Kikendall v. American Progressive Ins. Co.
| Court | Court of Appeal of Louisiana |
| Writing for the Court | LANIER |
| Citation | Kikendall v. American Progressive Ins. Co., 457 So.2d 53 (La. App. 1984) |
| Decision Date | 31 July 1984 |
| Parties | Helen Smith KIKENDALL v. AMERICAN PROGRESSIVE INSURANCE COMPANY. 83 CA 0979. |
Elaine W. Guillot, Slidell, for plaintiff-appellee.
Albert Dale Clary, Baton Rouge, for defendant-appellant.
Before SHORTESS, LANIER and CRAIN, JJ.
This is a suit in contract by an insured against her insurer seeking to recover the loss suffered from the theft of her vehicle and for statutory penalties for arbitrary failure to pay the claim. After a trial, the district court rendered judgment awarding the insured $9,000 for the loss of her vehicle and awarded statutory penalties that included an attorney fee of $1,500. The insurer took this suspensive appeal.
Helen Smith Kikendall was the owner of a tan 1981 Toyota pickup truck. Her son, Tommy, was the principal driver of the vehicle. The vehicle was insured on August 20, 1981, under a policy of insurance (which was in full force and effect at all times pertinent to this suit) issued by Progressive American Insurance Company (Progressive) through its agent, Floyd Fogg Insurance Agency, Inc. On August 24, 1981, Mrs. Kikendall reported the theft of the truck to the police and the agent of her insurer.
On October 13, 1981, a pickup truck was discovered by Staff Sergeant Robert Arthurs, St.
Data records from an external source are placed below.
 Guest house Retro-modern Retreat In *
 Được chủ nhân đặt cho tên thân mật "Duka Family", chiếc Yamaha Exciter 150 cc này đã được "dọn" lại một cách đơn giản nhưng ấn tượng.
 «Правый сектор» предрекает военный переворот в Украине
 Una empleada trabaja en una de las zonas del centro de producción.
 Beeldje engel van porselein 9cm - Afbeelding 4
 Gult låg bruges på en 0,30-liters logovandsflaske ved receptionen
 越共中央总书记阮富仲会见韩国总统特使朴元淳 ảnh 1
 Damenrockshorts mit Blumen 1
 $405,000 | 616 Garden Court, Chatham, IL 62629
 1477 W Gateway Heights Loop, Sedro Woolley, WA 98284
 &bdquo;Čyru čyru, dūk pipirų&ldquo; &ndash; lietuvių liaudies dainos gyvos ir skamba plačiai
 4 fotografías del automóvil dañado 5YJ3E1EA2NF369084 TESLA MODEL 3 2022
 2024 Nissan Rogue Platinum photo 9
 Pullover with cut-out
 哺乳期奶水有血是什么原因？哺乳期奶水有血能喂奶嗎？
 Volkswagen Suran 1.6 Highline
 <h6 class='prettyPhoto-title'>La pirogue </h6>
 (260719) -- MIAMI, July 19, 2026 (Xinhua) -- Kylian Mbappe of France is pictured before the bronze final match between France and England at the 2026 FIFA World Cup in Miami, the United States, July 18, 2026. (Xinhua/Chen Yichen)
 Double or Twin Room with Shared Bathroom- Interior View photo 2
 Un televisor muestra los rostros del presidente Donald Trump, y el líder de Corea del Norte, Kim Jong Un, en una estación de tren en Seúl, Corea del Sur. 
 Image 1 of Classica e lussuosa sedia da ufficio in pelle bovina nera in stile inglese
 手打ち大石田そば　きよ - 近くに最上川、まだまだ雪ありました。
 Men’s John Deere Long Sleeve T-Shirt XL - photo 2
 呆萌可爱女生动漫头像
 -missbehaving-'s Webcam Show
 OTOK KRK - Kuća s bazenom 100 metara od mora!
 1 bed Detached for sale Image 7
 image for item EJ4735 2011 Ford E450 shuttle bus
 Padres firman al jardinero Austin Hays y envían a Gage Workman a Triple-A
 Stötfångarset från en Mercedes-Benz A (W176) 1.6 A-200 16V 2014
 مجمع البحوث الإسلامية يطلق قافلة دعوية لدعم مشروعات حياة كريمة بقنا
Tammany Parish Sheriff's Department, in a wooded area near the Fish Hatchery Road near Lacombe, Louisiana. The vehicle was stripped and burned. It was later identified as the vehicle reported stolen by Mrs. Kikendall.
The trial court found as a fact that the vehicle had been stolen. Progressive contends that the district court was clearly wrong in this finding. Specifically, appellant argues that this factual finding is not supported by credible testimony.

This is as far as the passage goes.